Now I know use-cases are supposed to be light, user-story like, but in the hands of document-riders and management they become bloated with design descisions, business rules and interface nit-picking.

It's hard labour to track changes in these documents. I suggested putting them into wiki-format, but that proved to be too much hassle for the requirement manager. Pasting the word documents into the wiki ended up looking really ugly (considering the size of the use-case descriptions).

You can't modularize use case steps, you can't re-use them, and you can't refactor them. All in all, they're a pretty crappy form of requirement specification, especially for us developers that hate Word documents.

Then along came Selenium and showed us that Web-tests that are fun:

They're executable! We could use them as developers to speed up our own tests. We can even stuff them into our automated build/continous integration system.
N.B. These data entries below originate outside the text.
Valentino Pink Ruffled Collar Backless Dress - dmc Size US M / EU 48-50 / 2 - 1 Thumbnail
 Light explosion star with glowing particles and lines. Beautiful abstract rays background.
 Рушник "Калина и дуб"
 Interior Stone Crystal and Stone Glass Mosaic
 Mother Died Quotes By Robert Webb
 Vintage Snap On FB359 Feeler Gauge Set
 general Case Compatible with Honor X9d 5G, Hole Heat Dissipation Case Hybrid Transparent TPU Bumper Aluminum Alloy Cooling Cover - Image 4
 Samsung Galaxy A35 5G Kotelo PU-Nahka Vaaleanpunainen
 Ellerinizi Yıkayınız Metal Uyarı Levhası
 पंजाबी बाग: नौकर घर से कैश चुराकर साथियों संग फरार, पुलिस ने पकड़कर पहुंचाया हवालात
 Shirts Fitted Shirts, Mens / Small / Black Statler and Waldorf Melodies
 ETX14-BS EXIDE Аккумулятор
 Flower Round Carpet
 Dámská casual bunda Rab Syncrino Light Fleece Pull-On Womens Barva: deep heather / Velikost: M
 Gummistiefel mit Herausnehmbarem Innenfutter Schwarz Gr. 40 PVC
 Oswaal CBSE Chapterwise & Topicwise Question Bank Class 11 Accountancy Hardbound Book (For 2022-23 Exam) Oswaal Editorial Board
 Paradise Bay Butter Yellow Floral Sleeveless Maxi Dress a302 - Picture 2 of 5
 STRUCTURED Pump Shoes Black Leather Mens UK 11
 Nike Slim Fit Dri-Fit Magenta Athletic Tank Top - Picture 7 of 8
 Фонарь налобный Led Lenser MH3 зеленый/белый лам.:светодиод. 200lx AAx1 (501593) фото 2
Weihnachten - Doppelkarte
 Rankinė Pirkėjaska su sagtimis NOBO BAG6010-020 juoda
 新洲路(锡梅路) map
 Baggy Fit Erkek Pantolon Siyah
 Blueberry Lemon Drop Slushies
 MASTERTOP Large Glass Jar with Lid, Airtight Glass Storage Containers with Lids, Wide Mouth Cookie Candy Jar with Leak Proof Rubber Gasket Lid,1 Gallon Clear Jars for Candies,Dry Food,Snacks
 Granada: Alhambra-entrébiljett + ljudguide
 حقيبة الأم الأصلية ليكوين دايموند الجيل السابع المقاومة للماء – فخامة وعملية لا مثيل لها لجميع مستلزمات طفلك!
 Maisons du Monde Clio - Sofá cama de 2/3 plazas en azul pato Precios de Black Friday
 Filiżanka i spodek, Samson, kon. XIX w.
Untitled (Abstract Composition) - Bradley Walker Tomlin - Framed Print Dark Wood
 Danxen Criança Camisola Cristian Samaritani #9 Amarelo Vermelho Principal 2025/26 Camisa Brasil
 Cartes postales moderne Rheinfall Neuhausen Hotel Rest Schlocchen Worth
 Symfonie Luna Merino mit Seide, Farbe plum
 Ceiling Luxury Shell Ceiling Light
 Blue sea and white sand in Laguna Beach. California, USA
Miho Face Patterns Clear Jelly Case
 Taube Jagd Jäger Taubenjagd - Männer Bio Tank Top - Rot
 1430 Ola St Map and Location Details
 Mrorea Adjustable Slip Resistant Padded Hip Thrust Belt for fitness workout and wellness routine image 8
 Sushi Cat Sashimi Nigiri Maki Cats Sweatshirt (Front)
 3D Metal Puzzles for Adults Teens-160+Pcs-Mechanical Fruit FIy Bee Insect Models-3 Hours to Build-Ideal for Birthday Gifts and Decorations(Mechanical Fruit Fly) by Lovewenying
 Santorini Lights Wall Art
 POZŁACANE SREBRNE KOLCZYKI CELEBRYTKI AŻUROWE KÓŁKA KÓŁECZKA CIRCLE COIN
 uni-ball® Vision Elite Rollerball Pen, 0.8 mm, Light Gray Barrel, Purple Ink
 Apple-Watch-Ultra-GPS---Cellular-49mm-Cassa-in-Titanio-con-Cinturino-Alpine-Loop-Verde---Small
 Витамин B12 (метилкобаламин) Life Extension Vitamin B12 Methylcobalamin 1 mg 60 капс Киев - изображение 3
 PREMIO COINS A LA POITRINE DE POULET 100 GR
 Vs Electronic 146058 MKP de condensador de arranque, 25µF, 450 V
It's dead easy! It's so easy even the document riders fell in love with them. We even got the testers to report bugs with them (bug traces).

The test managers could use them for acceptance testing and performance testing. So the normally huge acceptance testing phase at the end of the project was reduced to a matter of days.

Sure Selenium tests break easily, but they're easily repaired also. And most of all, when they break you (as either a developer or manager) are forced to recognize that a change has taken place, and you can decide whether this is a faulty test or a faulty implementation.

The flip side is that they're too easy to make. If the developers' test-suite gets bloated with all the tests managers want in, the suite runs too slow for the patience of a test-driven developer.

They are not refactorable, other than in the search-replace meaning of the word. If a change takes place across the entire web application you might have some work ahead of you to get the suite green again.

It can be hard to visualise the steps that will run in a web-test (but isn't it just as hard in a use-case?), so if you insist on creating the Selenium test before you do the implementation you will need some imagination and knowledge of Selenian. One way to work aorund this is to do prototyping of the webapp with static html pages, and record Selenium tests based on these.